En zone francophone, il faut dire qu’il n’est plus besoin d’un système d’enseignement centré pour une large part sur les « lettres » au détriment des sciences et de la technologie, plus en rapport avec les urgences de développement économique.

La Recherche et le Développement doivent occuper une part plus importante dans les budgets nationaux et ceux des entreprises publiques à haute valeur ajoutée comme celles du secteur numérique.

Les dépenses s’y rapportant peuvent être « syndiquées » au niveau de l’espace sous régional c’est-à-dire prises en charge par les Etats sous régionaux à travers des quotesparts à déterminer, et avec comme maître d’oeuvre une banque de développement.

La floraison actuelle d’écoles supérieures africaines privées, mues par le retour sur capital investi, doit s’accompagner de la création d’écoles techniques sous régionales en parfaite cohérence avec les stratégies de développement respectives.

Au niveau des Etats, la structure des budgets locaux et nationaux devrait être revue.

Le constat est que les ressources budgétaires locales et nationales sont consacrées au « fonctionnement », et que l’investissement est, quant à lui, couvert par des fonds d’équipement insignifiants et des ressources issues du marché financier.

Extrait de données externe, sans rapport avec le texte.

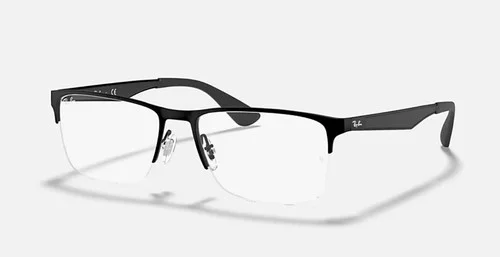 RAY-BAN RB6335 2503 Black Matte Half Rimless Eyeglasses Frame 54-17-145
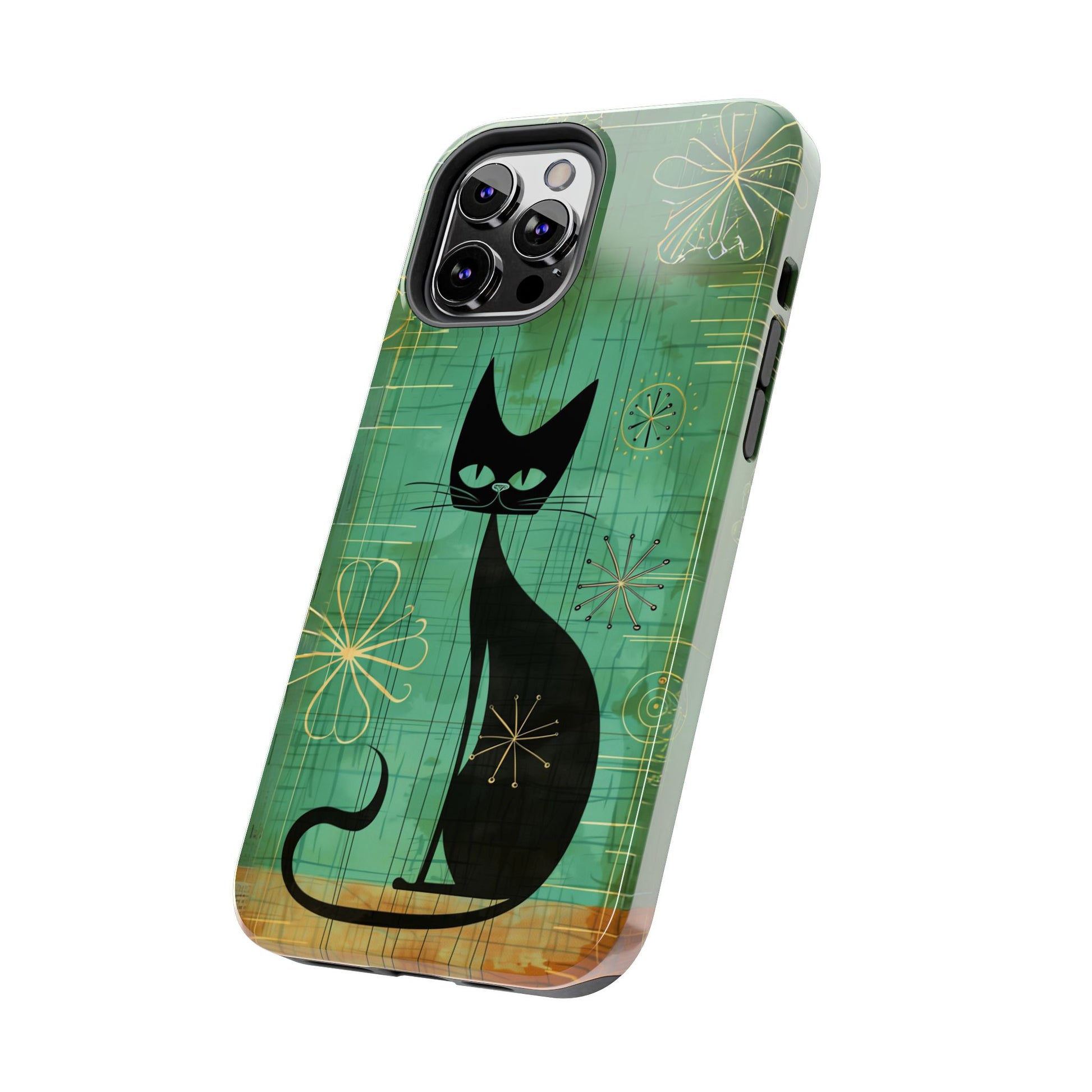 Mid-Century Modern Phone Case-Case, Mid Mod iPhone Case, Atomic Cats iPhone Case, Retro Chic Smartphone Cover, Unique Phone Case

Avec des ressources humaines formées aux technologies de pointe, il devient plus aisé d’exiger de partenaires comme la Chine ou l’Inde davantage de transfert de technologie pour déboucher in fine sur la maîtrise des « know how » manufacturiers.

Sans aucune ressource naturelle, la Corée du sud est devenue l’une des toutes premières puissances économiques mondiales grâce aux investissements étrangers et au développement de son capital humain. Elle exporte principalement des équipements électriques et électroniques, des machines, des chaudières, des véhicules, des tramways, des combustibles minéraux, des huiles, des produits de distillation et même des réacteurs nucléaires !

C’est pour dire en définitive que la souveraineté économique indispensable au développement de l’Afrique passe par la constitution prioritaire d’un capital humain en rapport avec les exigences de qualité requises dans les échanges de biens et de services au niveau du commerce mondial.